According to The Mirror, Sunday’s figures showed another 25,696 cases and 74 deaths.
However, the Prime Minister’s advisers have warned of the consequences of lifting restrictions, and have suggested the move will trigger a fresh surge.
But Downing Street insisted “the phenomenal success of the vaccine program and our improved understanding of the virus” meant “we can now move away from government intervention towards personal responsibility”.
The latest statistics show that some 91.4% of over-12s have received a first jab, 85% a second and 66.1% a third or booster dose.
Monday morning will see cabinet ministers come together to authorize the plan, with Johnson to present it in the Commons later that day, alongside a press conference.
“I’m not saying that we should throw caution to the winds, but now is the moment for everybody to get their confidence back,” Mr Johnson told BBC1’s Sunday Morning programme.
“We’ve reached a stage where we think you can shift the balance away from state mandate, away from banning certain courses of action – compelling certain courses of action – in favor of encouraging personal responsibility.”
On the subject of axing free tests, he added: “I think we need resilience but …. on testing, we don’t need to keep spending at a rate of £2billion pounds a month, which is what we were doing in January.”
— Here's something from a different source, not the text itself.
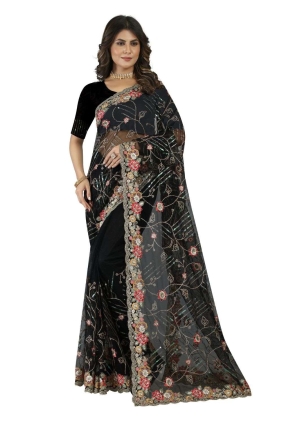 Embroidered Net Wedding Saree in Black with Blouse SR25031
In a response, Shadow Health Secretary Wes Streeting told Sky News: “It’s a bit like being 2-1 up with 10 minutes left to play and subbing your best defender.
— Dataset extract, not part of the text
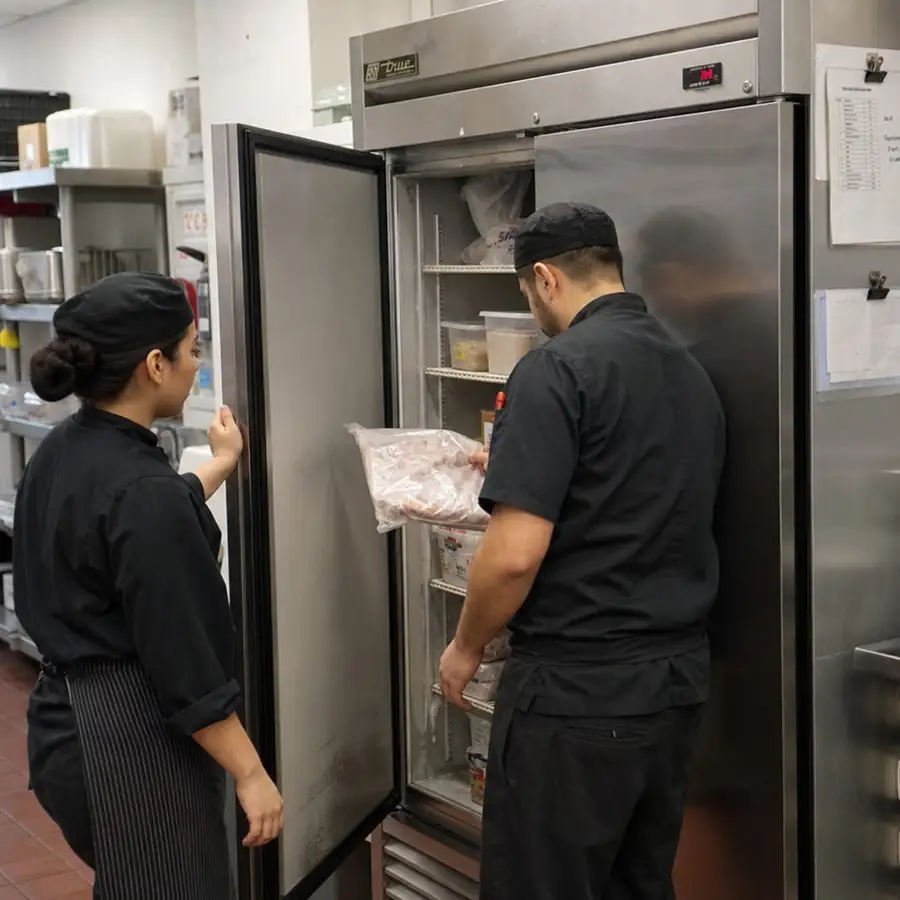 Two kitchen staff loading a bag of frozen product into an open stainless True reach-in freezer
“We are not out of the woods yet on Covid.”
The Labor frontbencher accused the PM of using the new plan as a way of trying to distract attention from the police probe into the Downing Street parties, and added: “It seems like Boris Johnson is keen to declare victory before the war is over in the hope that he gets some headlines about ‘victory day on Covid’ instead of police officers asking questions about actions in No10.”
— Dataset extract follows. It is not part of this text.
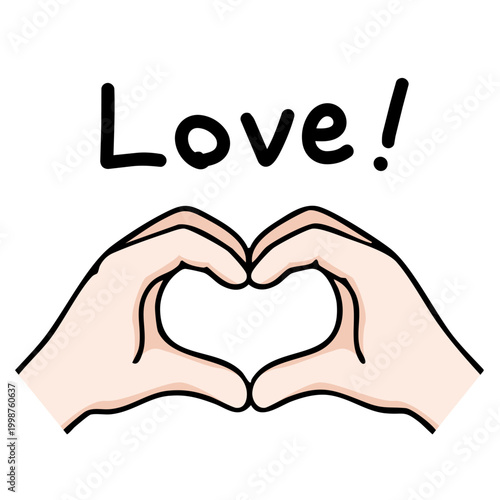 ハートを作る手とLoveの文字｜Hand Heart Love Gesture ,vector イラスト・恋愛・バレンタイン・ベクター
Government advisers SAGE last week warned that cases could rise “rapidly” as mandatory quarantine ends and free tests are axed, and that transmission could rise by between 25% to 80% if people “return to pre-pandemic behaviors and no mitigations”.
NHS Confederation chairman Lord Adebowale said: “Learning to ‘live with Covid’ doesn’t mean abandoning all precautions.
“I’m very concerned and so is the NHS Confederation and others.”
He added: “We don’t know that the virus is in a benign state, it could mutate and we could be facing a more dangerous virus, so we need to be monitoring.
“One of the ways we monitor is through testing – if testing isn’t free people won’t test, especially the poor.”
Professor Danny Altmann, of Imperial College London, said: “We will be flying blind.
“Data collection is the only trick up our sleeve to know about new variants coming round the corner.”
Government minister James Cleverly said councils will take on responsibility for Covid-19 response once restrictions are relaxed.
Senior statistician Sir David Spiegelhalter said some form of the Office for National Statistics’ coronavirus study should remain in place. The Cambridge University professor, who is a non-executive director for the ONS and chairman of the advisory board for the Covid Infection Survey, said: “It has been absolutely so important as we have gone along.”